Y2Z / monolith

⬛️ CLI tool for saving complete web pages as a single HTML file
https://crates.io/crates/monolith
Creative Commons Zero v1.0 Universal
10.54k stars 304 forks source link

Site doesn't work, redirected towards ct.captcha-delivery.com #387

Open djjldoooo opened 3 weeks ago

djjldoooo commented 3 weeks ago

Hello, I try to save this page (or any page from this site):

chromium --headless --incognito --virtual-time-budget=10000 --dump-dom https://www.leboncoin.fr/ad/caravaning/2751571570 | monolith - -I -b https://www.leboncoin.fr/ad/caravaning/2751571570 -o 2751571570.html

[0623/101112.161528:WARNING:bluez_dbus_manager.cc(248)] Floss manager not present, cannot set Floss enable/disable.
libva error: /usr/lib/dri/i965_drv_video.so init failed
[0623/101112.315945:WARNING:sandbox_linux.cc(430)] InitializeSandbox() called with multiple threads in process gpu-process.
https://ct.captcha-delivery.com/c.js
https://geo.captcha-delivery.com/captcha/?initialCid=AHrlqAAAAAMAphgrd3tXKAQAsIJwQA%3D%3D&hash=05B30BD9055986BD2EE8F5A199D973&cid=8qX6CmJt0yEKBQIbInWwsv8EXUe~D4KlOEqg95h4WdNcfHtOWb590vh1Ua~cGs9wo_FQpxhUBKnJargVVm1lLSh3xw6FQrZC~Brn~ftxDAEyTiImmyK8fz57ex9ObzMn&t=bv&referer=https%3A%2F%2Fwww.leboncoin.fr%2Fad%2Fcaravaning%2F2751571570&s=2089&e=8677dc0e8f5150942b4957920ff46913a0423b473247a88fb3d04e3e377fda86&dm=cd
https://static.captcha-delivery.com/captcha/assets/tpl/6dc485c0c428c35b53577b146dc6f9179f55ef9ad41b327a2a179998839364bf/index.css
https://static.captcha-delivery.com/common/fonts/roboto/font-face.css
https://static.captcha-delivery.com/common/fonts/roboto/roboto.woff2
https://static.captcha-delivery.com/common/fonts/roboto/roboto.woff
https://static.captcha-delivery.com/captcha/assets/set/26e53713afb2da82d031f045066fa4b2a47b0733/logo.png?update_cache=520684889894581620
https://static.captcha-delivery.com/captcha/assets/tpl/6dc485c0c428c35b53577b146dc6f9179f55ef9ad41b327a2a179998839364bf/loading_spinner.gif

I manage to open the page in chromium without captcha manually though.

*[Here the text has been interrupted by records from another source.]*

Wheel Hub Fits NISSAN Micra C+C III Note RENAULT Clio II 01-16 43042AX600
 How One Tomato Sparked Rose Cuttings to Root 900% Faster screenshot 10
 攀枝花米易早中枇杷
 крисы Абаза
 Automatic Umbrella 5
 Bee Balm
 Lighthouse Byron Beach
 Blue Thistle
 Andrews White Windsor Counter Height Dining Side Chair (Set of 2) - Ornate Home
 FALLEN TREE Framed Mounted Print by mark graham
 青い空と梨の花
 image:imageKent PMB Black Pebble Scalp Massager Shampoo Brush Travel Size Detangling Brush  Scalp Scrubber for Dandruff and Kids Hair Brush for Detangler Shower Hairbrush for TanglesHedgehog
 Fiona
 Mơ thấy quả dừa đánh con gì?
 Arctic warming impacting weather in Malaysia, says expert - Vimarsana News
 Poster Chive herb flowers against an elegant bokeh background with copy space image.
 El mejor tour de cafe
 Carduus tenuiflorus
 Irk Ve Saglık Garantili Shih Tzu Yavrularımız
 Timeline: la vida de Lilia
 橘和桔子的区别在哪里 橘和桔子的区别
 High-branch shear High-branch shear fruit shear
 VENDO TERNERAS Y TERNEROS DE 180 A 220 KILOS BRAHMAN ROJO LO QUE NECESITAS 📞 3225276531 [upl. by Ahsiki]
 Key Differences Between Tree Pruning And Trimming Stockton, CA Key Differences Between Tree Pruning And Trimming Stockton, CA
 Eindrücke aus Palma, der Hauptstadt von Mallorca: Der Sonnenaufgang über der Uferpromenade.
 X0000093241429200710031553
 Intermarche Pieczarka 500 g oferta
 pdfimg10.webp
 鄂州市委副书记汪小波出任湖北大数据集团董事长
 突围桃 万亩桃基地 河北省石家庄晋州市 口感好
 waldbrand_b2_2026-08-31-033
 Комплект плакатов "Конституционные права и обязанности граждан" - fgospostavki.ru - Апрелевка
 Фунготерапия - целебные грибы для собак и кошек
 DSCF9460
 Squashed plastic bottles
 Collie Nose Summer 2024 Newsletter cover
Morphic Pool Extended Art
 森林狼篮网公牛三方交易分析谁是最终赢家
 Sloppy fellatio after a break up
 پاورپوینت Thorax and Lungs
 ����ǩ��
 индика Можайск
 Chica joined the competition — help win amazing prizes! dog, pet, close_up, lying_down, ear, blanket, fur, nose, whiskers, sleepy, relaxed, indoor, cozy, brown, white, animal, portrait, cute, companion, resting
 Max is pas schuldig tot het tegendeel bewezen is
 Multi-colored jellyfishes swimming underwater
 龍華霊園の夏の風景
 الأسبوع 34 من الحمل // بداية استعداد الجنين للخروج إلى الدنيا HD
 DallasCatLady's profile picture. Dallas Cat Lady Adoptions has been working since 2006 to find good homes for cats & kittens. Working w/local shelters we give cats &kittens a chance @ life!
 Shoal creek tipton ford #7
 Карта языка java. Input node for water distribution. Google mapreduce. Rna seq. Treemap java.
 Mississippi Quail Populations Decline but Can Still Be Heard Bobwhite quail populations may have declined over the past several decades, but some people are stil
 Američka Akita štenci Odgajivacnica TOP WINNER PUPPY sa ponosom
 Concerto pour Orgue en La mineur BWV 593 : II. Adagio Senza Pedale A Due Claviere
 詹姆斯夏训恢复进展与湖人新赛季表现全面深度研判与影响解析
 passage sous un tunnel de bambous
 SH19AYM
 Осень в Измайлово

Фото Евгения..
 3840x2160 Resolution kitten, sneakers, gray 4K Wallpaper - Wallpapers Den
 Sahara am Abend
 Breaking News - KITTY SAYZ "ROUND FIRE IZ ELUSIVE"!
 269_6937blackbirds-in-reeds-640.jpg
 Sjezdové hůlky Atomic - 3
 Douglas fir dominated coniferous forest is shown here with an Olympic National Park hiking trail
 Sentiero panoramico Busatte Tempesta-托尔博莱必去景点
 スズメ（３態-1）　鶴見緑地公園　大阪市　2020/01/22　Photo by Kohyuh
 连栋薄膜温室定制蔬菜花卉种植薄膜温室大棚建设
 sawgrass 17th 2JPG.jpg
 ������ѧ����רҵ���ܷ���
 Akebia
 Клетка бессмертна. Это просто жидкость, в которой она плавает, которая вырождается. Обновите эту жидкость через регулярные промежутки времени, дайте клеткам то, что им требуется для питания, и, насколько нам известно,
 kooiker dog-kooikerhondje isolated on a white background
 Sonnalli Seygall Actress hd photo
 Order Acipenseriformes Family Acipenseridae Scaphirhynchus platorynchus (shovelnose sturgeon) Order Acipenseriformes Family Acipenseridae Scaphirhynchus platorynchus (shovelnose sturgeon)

snshn commented 3 weeks ago

Maybe you could try it without the --incognito? This way the CAPTCHA session should be inherited and it'll think you're the real user. You could always "Save page as" from the browser and then use monolith on the file:/// to convert it into one monolithic HTML file, if all else fails.